昔々若い頃,充電が不足がちな車に,一時期,乗っていたことがある。やたらでかいバッテリーだったが,直流発電。夜の渋滞とかに遭遇すると,すぐに怪しくなった。
そこで出先では少々離れようが,必ず下り勾配の坂道に駐車していた。
押し掛けは日常茶飯事。もちろん一人で。
ある日,お嬢様と食事し,送って行ったお宅。
立派な門構えから,親御さんが出て来られた。
欧州ブランドのダーク・スーツに仏製ネクタイ姿の好青年が挨拶する。シャツの生地はスイス製だ。一張羅で気合いが入っている。
仏製ネクタイと言っても,別に蓮に乗った大仏や,千手観音がプリントされている訳ではない。発色のいい大胆な図柄のサンローランだ。
「では,失礼します」
「あっ,お見送りは結構です。どうぞ中にお入りください」
律儀な親御さん,入ってくださらない。親子での,お見送りを受けるはめになった。
「あちゃ~~。見せたくないが・・・」
心の中で呟いたがしょうがない。
30m程離れた先の,白いクーペのドアを開く。
この伝統と歴史を感じさせる匂いが堪らない。・・・かび臭い。
車体の凹凸や塗装のヤレ,一部匠の手塗り・・・私のことだが・・・も夜陰にまぎれて目立たない。「色の白いは七難隠す」。
センター・ロックのワイヤー・スポークが街灯に照らされ,クロームの光芒を放っている。
さっそうと乗り込む・・・ことは出来ない。
1.アクセル数回踏んで,ウェーバーの加速ポンプで燃料を噴射する。
2.ハンド・スロットルをチョイ引く
3.ギヤをニュートラル
4.キーオン
5.ドアを開き車体の左に立ち,左足は地面,右足はブレーキを踏む
6.ハンド・ブレーキ オフ。ブレーキ離す。下り勾配ゆえ車はずるずる動き出す。ボヤボヤしていられない。
7.ハンドルを右手で握り,左手はAピラーに
8.さあ,オリンピックのボブスレー決勝。Aピラーの左手に全推力を込め全力ダッシュしながら,ハンドルでコース修正。

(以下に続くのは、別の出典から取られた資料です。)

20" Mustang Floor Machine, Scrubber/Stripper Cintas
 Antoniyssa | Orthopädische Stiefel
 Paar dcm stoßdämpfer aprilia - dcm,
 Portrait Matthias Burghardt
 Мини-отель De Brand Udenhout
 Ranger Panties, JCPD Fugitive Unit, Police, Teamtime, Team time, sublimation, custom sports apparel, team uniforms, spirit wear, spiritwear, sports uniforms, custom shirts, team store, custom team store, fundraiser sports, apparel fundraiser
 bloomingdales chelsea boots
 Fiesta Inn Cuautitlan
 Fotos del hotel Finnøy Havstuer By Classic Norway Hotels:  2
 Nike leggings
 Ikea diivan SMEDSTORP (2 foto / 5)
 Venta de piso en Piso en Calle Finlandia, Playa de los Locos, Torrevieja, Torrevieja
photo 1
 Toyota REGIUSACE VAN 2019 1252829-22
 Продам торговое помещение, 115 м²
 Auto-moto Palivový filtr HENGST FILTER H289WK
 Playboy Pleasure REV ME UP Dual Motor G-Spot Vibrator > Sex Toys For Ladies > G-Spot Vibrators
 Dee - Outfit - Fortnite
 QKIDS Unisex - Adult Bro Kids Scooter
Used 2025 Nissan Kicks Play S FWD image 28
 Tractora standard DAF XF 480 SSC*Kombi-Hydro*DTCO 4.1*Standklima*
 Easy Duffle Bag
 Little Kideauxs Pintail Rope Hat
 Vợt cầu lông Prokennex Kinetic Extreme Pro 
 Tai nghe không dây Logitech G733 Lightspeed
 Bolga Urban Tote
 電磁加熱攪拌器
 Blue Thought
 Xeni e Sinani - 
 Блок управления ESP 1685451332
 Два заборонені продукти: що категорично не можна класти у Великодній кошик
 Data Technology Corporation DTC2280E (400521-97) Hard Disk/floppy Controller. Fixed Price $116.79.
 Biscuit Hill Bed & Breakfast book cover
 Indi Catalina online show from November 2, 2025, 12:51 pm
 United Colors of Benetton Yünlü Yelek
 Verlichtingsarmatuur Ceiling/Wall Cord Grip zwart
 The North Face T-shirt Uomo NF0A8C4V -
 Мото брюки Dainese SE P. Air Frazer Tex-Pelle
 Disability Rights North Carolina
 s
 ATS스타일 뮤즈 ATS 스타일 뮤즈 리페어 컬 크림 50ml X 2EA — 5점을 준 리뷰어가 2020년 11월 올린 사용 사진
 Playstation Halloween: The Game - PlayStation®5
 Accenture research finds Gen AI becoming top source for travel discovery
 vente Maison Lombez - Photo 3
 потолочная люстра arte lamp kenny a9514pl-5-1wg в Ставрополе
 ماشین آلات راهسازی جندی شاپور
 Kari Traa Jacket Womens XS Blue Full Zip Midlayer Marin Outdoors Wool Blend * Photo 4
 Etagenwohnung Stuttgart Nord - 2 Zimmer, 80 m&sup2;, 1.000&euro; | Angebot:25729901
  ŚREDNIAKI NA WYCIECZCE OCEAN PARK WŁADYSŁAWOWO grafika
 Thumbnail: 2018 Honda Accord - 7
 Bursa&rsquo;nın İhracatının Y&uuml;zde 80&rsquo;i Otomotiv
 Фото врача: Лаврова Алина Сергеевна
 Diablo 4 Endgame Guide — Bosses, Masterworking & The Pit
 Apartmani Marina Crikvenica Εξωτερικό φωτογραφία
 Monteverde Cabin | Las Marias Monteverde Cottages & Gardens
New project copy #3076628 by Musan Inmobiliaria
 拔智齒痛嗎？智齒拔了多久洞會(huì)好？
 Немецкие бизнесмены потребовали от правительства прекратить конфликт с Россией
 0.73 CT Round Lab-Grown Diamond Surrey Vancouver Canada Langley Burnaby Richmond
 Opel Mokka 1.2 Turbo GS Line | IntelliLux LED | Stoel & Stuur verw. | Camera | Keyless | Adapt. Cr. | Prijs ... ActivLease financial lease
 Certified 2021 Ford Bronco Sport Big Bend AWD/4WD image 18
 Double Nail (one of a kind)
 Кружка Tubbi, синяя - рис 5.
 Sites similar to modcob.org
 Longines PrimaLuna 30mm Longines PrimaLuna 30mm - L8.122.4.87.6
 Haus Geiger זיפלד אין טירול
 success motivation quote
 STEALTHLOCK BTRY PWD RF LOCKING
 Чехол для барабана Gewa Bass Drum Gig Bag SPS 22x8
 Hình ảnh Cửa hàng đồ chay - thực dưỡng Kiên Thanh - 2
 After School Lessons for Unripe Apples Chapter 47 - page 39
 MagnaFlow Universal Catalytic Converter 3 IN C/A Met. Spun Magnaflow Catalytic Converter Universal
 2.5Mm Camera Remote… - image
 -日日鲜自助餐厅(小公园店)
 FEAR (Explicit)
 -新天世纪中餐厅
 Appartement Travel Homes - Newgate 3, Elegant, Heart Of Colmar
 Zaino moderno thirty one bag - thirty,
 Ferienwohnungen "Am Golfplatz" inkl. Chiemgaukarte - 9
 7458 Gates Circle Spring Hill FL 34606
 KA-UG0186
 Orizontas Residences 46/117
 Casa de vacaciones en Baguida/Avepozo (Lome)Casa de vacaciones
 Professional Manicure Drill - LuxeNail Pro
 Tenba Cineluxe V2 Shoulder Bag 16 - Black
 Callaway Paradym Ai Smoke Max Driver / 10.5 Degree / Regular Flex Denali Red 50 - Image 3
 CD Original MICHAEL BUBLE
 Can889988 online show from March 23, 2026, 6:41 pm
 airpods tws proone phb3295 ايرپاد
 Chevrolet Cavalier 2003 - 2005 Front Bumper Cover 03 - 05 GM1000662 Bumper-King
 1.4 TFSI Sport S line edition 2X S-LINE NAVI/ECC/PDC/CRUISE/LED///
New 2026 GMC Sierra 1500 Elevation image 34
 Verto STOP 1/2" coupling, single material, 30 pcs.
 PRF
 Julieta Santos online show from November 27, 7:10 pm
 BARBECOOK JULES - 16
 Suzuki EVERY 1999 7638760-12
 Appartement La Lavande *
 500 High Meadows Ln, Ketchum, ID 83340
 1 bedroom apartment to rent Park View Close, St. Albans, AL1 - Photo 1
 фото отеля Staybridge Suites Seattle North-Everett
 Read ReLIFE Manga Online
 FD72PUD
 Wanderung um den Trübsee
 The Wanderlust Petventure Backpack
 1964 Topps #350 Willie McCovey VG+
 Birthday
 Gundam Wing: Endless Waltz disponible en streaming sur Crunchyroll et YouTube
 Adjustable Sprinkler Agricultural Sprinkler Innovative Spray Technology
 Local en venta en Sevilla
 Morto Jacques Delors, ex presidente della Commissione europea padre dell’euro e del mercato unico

9.最高速に達したら,飛び乗りドアを閉じる。ここからが勝負で,失速する前に素早く。
10.左手でハンドルを握り,クラッチ踏んで,右手で2速に入れ,即座にクラッチ・ミート
11.初爆が起こったら,すかさずクラッチ踏んで,アクセルをかぶらないよう,慎重かつ大胆にあおってから,1速へ。
門の前を通り過ぎるタイミングで,元気よく
「失礼します。おやすみなさい!」
ついでに右手も振る。あくまで,何事もなかったように笑顔で。
ここでの停車は厳禁。この惰性は貴重なお宝。いつエンストするか分らない。
上記の全てをほんの数十秒でやるのだから,結構忙しい。
こうしてツインカムの図太い咆吼を残して,夜の闇に消えていった。友人達はこの希少な年代物を「狼の皮を被ったでんでん虫」と呼んでいた。
「若い時の苦労は買ってでもせよ」
この頃のアクロバットが,思わぬ機会に役立った。体は覚えている。
ついでに感触も。今頃どうしているやら。